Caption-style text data
....................

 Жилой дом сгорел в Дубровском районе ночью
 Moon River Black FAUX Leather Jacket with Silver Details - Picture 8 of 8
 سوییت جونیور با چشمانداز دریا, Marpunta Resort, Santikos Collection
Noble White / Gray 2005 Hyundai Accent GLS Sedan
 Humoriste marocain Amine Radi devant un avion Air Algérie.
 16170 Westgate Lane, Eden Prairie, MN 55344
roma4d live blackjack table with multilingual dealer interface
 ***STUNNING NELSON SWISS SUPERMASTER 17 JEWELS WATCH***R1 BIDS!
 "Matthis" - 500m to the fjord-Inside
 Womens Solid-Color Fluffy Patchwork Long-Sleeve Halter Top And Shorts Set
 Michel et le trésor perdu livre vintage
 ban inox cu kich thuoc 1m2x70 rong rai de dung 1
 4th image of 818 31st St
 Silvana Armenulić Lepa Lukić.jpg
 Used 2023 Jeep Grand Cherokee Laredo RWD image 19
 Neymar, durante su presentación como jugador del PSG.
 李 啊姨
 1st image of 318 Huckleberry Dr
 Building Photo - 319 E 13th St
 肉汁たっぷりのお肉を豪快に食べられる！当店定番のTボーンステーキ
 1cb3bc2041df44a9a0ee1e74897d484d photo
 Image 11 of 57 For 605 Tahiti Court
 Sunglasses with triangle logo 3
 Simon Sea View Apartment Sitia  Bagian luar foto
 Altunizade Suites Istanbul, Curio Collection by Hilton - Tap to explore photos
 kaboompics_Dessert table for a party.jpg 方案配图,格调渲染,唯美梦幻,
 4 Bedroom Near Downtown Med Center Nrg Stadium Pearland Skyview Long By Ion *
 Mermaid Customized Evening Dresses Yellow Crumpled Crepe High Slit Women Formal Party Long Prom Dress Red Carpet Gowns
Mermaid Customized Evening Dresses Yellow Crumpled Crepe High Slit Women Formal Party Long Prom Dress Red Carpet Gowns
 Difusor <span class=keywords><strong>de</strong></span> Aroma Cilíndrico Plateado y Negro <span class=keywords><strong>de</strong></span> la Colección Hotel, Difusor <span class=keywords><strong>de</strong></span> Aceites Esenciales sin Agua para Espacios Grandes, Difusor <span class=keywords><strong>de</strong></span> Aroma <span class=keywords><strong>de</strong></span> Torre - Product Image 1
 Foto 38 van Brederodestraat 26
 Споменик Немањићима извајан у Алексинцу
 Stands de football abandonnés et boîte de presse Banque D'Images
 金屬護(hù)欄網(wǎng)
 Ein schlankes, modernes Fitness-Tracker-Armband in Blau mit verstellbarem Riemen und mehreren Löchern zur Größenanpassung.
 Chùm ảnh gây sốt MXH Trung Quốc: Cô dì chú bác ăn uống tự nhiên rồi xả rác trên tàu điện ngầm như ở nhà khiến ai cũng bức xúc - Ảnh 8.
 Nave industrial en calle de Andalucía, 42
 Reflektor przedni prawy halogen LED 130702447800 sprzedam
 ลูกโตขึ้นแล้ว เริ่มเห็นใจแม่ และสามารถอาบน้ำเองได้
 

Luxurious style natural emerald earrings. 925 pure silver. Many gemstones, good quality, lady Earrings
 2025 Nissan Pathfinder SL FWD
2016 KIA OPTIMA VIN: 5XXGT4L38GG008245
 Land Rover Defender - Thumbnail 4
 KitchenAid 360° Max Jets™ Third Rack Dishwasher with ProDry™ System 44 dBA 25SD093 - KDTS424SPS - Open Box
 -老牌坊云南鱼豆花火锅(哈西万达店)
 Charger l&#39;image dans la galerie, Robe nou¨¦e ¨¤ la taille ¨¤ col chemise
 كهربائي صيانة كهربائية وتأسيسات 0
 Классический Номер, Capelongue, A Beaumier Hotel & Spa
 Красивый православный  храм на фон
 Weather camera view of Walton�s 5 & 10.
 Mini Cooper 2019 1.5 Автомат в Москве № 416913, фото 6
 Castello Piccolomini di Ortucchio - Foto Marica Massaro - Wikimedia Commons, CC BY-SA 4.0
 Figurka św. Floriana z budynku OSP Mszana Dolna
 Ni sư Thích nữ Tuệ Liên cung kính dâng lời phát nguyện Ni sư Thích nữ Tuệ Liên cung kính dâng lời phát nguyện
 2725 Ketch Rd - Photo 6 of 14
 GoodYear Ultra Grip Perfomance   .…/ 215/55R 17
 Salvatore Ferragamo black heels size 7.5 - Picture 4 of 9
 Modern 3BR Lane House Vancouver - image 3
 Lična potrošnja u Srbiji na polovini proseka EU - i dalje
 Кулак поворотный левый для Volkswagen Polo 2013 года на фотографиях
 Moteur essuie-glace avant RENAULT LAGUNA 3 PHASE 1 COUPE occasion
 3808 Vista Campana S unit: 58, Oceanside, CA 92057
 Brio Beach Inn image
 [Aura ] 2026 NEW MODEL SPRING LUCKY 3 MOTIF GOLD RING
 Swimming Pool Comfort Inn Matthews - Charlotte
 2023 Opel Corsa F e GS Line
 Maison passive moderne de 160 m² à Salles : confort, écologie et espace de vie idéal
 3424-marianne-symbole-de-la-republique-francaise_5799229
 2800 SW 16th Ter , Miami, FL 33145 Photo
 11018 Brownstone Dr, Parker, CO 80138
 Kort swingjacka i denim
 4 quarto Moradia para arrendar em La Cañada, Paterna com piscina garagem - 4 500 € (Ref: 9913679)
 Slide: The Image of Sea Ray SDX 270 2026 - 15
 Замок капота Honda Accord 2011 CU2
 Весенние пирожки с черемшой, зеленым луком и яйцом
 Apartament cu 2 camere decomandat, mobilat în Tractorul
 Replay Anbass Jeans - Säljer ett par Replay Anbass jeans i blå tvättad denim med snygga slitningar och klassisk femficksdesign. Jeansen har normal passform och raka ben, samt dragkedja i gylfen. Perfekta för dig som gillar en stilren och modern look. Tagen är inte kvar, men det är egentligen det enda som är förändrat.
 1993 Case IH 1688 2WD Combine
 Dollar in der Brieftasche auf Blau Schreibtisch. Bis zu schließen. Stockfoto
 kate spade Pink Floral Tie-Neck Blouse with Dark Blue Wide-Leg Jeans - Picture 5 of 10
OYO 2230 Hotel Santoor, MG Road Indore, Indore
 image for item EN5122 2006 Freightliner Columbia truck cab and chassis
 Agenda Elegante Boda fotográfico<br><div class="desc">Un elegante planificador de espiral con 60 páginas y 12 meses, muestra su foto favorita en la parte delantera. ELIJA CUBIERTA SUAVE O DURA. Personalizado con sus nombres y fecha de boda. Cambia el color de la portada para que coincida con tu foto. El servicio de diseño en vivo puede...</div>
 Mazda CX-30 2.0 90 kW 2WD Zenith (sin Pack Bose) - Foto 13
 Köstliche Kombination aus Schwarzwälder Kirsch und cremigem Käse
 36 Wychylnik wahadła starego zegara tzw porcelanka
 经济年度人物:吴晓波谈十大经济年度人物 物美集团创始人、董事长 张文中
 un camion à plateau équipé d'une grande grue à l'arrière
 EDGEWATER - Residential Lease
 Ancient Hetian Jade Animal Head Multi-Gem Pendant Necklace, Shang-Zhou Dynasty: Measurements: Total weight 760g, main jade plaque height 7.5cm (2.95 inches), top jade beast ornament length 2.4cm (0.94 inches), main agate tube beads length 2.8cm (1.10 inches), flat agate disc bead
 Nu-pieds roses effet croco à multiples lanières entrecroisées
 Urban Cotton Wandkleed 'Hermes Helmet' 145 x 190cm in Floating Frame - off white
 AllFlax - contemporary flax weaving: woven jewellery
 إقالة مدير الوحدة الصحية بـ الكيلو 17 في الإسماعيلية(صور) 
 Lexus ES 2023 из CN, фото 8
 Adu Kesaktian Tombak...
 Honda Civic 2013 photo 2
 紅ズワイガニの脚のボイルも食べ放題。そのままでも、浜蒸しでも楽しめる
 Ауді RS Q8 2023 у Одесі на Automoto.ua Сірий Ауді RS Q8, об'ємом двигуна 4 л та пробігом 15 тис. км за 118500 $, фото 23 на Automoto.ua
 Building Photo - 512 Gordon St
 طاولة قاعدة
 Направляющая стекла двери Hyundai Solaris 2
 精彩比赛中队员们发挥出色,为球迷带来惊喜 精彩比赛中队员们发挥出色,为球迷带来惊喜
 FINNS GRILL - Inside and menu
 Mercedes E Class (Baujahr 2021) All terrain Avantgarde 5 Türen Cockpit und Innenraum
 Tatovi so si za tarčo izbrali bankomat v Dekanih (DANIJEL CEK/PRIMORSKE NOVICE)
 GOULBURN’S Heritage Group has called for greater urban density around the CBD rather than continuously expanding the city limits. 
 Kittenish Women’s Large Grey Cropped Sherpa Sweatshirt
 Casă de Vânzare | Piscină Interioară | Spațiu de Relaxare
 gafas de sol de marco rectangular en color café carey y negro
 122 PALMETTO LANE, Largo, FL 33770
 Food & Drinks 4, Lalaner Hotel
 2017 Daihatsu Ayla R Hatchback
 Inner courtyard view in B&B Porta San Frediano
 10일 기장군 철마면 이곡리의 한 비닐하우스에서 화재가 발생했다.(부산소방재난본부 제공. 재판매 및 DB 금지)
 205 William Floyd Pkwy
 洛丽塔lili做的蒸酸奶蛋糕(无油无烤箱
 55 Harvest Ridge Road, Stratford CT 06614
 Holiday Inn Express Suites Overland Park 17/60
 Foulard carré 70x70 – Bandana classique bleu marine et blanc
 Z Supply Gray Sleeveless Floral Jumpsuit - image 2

....................

Aim of the exercise. Starting at the line with "Holiday Inn Express", copy each line through the end of the data, both ends included, and give nothing else.

Solution.
 Holiday Inn Express Suites Overland Park 17/60
 Foulard carré 70x70 – Bandana classique bleu marine et blanc
 Z Supply Gray Sleeveless Floral Jumpsuit - image 2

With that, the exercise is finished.